• _EXERCISE DIRECTIONS_: Reproduce word for word every line from the one containing "Another thing we" to the final line of the data below; omit the pictures.

• _SOURCE MATERIAL_:
=======
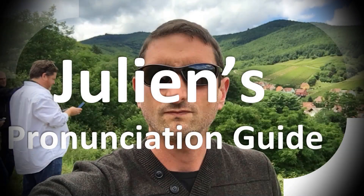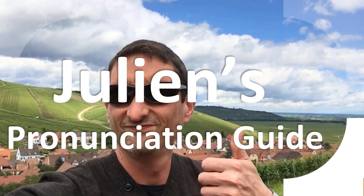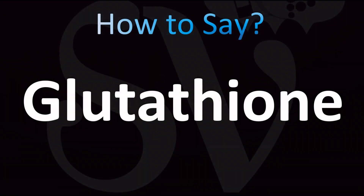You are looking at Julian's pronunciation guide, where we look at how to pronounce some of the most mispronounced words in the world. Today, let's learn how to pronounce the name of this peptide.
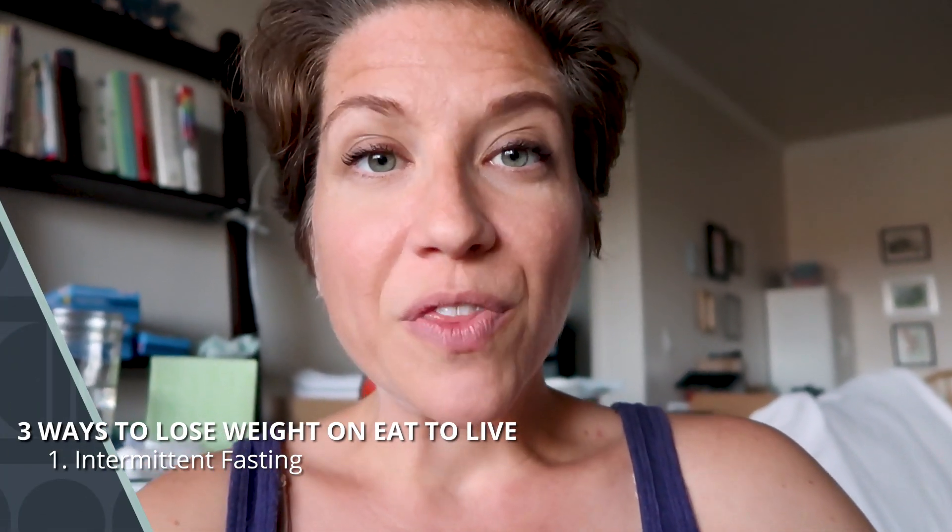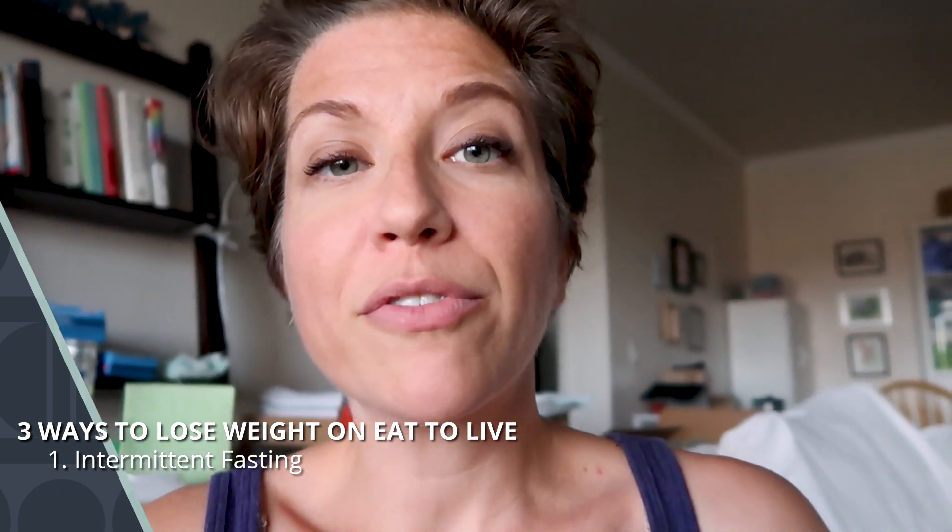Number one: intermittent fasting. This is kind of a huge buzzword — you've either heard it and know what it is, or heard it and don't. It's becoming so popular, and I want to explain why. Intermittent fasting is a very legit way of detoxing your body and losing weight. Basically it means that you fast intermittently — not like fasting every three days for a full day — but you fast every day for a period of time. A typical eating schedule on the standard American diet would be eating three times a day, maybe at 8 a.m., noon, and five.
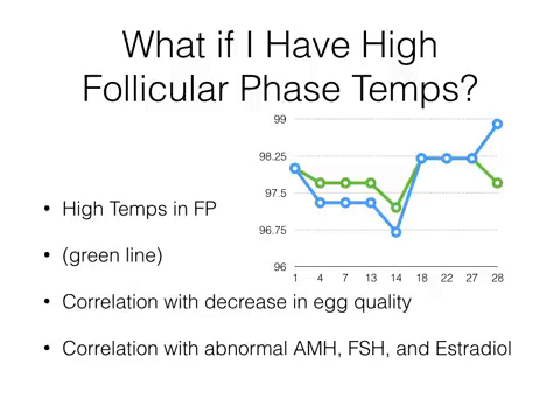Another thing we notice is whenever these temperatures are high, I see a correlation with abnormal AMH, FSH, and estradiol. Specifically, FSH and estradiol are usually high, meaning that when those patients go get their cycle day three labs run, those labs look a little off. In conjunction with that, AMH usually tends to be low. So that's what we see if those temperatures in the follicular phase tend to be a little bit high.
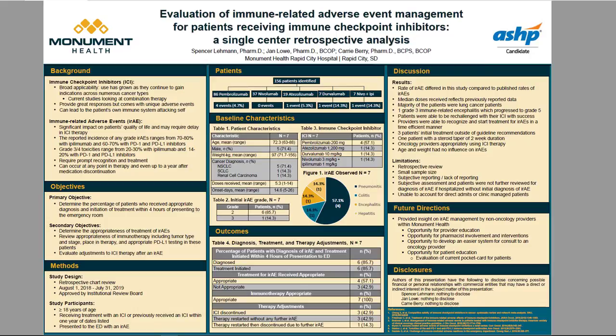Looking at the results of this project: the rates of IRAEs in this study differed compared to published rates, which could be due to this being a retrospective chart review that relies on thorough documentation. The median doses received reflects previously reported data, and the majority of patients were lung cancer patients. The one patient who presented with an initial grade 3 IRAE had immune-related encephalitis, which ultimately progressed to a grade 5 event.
=======
• _RESPONSE AREA_:
Another thing we notice is whenever these temperatures are high, I see a correlation with abnormal AMH, FSH, and estradiol. Specifically, FSH and estradiol are usually high, meaning that when those patients go get their cycle day three labs run, those labs look a little off. In conjunction with that, AMH usually tends to be low. So that's what we see if those temperatures in the follicular phase tend to be a little bit high.
Looking at the results of this project: the rates of IRAEs in this study differed compared to published rates, which could be due to this being a retrospective chart review that relies on thorough documentation. The median doses received reflects previously reported data, and the majority of patients were lung cancer patients. The one patient who presented with an initial grade 3 IRAE had immune-related encephalitis, which ultimately progressed to a grade 5 event.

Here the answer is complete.